While it is impossible to have a complete picture of vulnerabilities prior to engaging with groups, exhaustive analysis of potential weaknesses based on the general characteristics is possible during the inception phase and provides a basis for adequate selection and formulation of data collection tools, engagement with people and analysis. Being aware of potential vulnerabilities (in terms of traumatic past experiences and/or current instability and insecurity; language limitations, disabilities or cultural or societal limitations) will help with planning data collection (choosing methods adequate to specific groups, frequency, formulating questions in a sensitive manner, selecting adequately prepared research personnel).
Additionally, such considerations might affect the settings and environment for data collection to ensure subjects feel safe. Vienna CoRE is an example of a project that paid significant attention to adjusting its evaluation approach to the possible vulnerabilities of its target group. Aware that newly arrived refugees and migrants carry significant luggage of difficult experiences, strengthened by the challenges of building lives in culturally and societally distant Austria, Vienna CoRE evaluation team decided to include refugees in the project’s evaluation think tank. Having these refugees help to formulate evaluation questions ensured that questions were culturally sensitive and carefully worded.

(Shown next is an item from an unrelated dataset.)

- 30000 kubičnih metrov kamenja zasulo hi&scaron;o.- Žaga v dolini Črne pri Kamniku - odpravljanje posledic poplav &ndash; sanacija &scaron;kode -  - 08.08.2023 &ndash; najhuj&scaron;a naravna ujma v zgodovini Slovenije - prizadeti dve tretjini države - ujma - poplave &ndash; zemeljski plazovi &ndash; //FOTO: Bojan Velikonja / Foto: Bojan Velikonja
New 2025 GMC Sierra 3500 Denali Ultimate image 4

Additionally, during data collection, the project made sure that social workers and native speakers were available to provide additional support to the refugees if needed. Data collection took place at Vienna CoRE premises that refugees were familiar with.

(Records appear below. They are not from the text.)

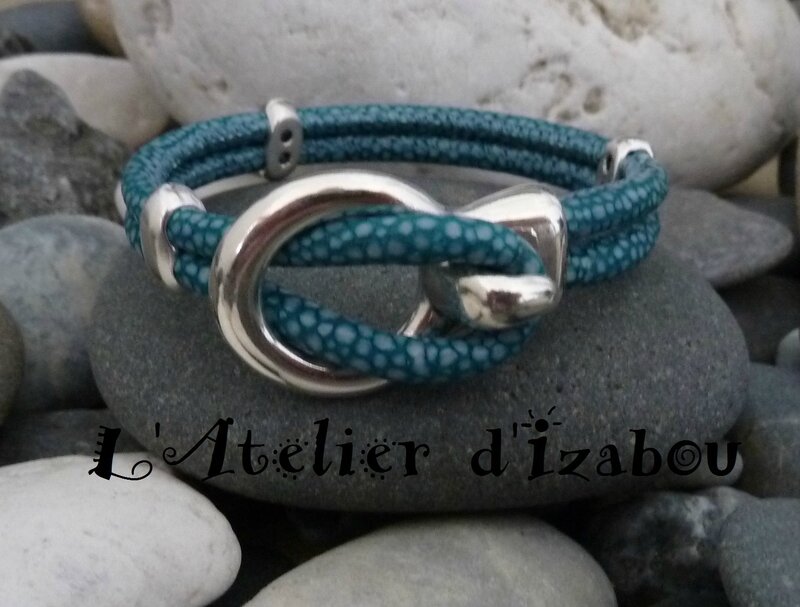 P1160451 Bracelet femme cuir serpent bleu turquoise et fermoir crochet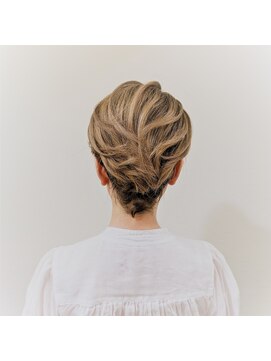 横濱ハイカラ美容院(haikara美容院) ショートヘア　アップスタイル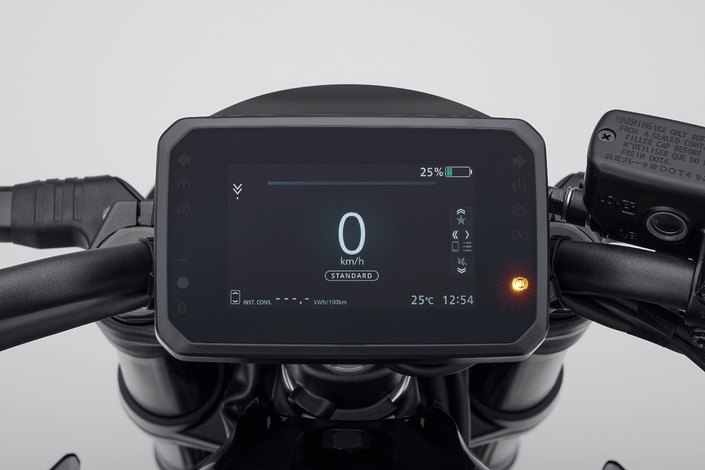 Honda entre dans une nouvelle ère avec la moto électrique WN7, compatible avec la recharge rapide CCS2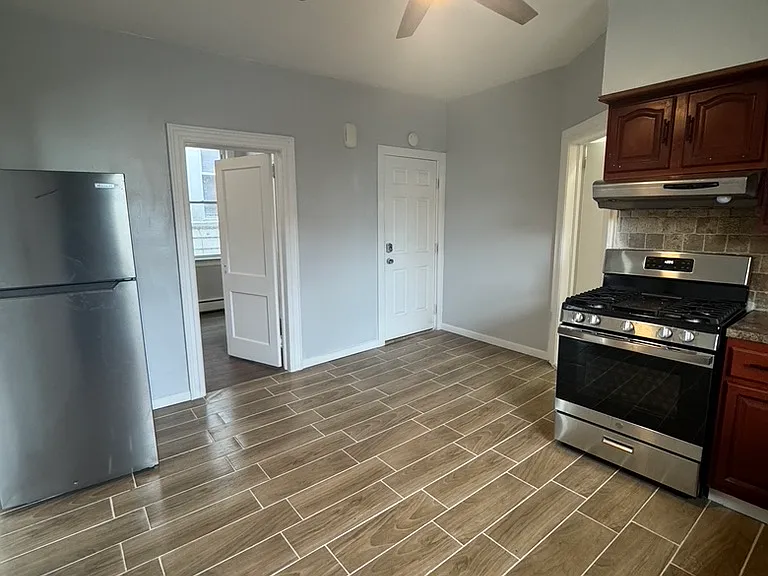 53 Humphrey Ave #2 — Photo 5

When you’re working with refugees, even questions you would never think could trigger emotion, might cause an emotional reaction. You might ask a question you think is not dangerous at all, and at some point, it triggers something in the interviewee. That’s why we were doing the interviews at the CoRE centre where we had social workers [and] native speakers around.

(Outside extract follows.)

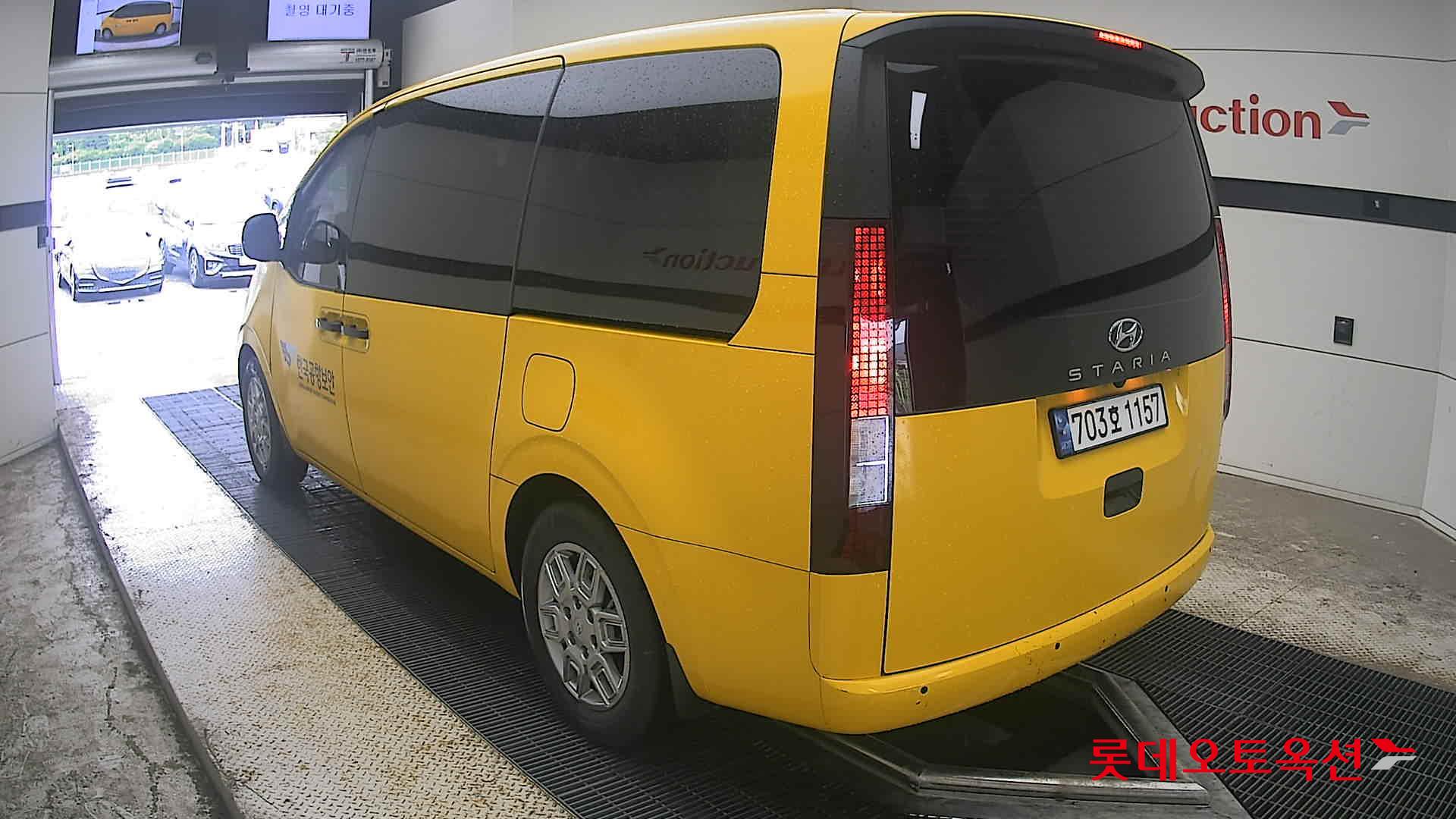 2023 - hyundai staria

Source: CoRE representative
While potential vulnerabilities of target groups have been rather evident and accounted for in projects targeting refugees and migrants (such as CoRE, Curing the Limbo, CURANT, U-RLP), it is important to consider the potential weak spots of groups that are not so evidently exposed. Since UIA-financed projects aim to solve urgent urban problems, in many instances these will involve individuals and communities struggling with many issues. Some characteristics might clearly indicate possible vulnerabilities and the need for additional considerations during evaluation (such as mental and physical disabilities), whiles others require a more sensitive analysis. To this end, projects aimed at increasing employment (such as Steam City) will inevitably target individuals struggling with unemployment, which might result in an increased sense of insecurity and vulnerability. Here, the formulation of data collection questions may benefit from particular sensitivity so that the failure of some of the project components does not increase the sense of failure of the beneficiaries. Other less obvious sets of vulnerabilities might come from the age group of the respondents (such as working with children and youth). To this end, Paris OASIS also targeted pre-school children with learning disabilities. Including these children in the evaluation posed specific ethical considerations and the need to adjust data collection instruments when necessary.
Some teachers raised the issue that a child with a disability could experience cognitive or language difficulties during data collection. In such cases, the interviewer negotiated with the teacher either a possibility not to invite a child to the interview or to have a simplified interview adapted to the child’s capacities, to make sure the child wouldn’t feel excluded.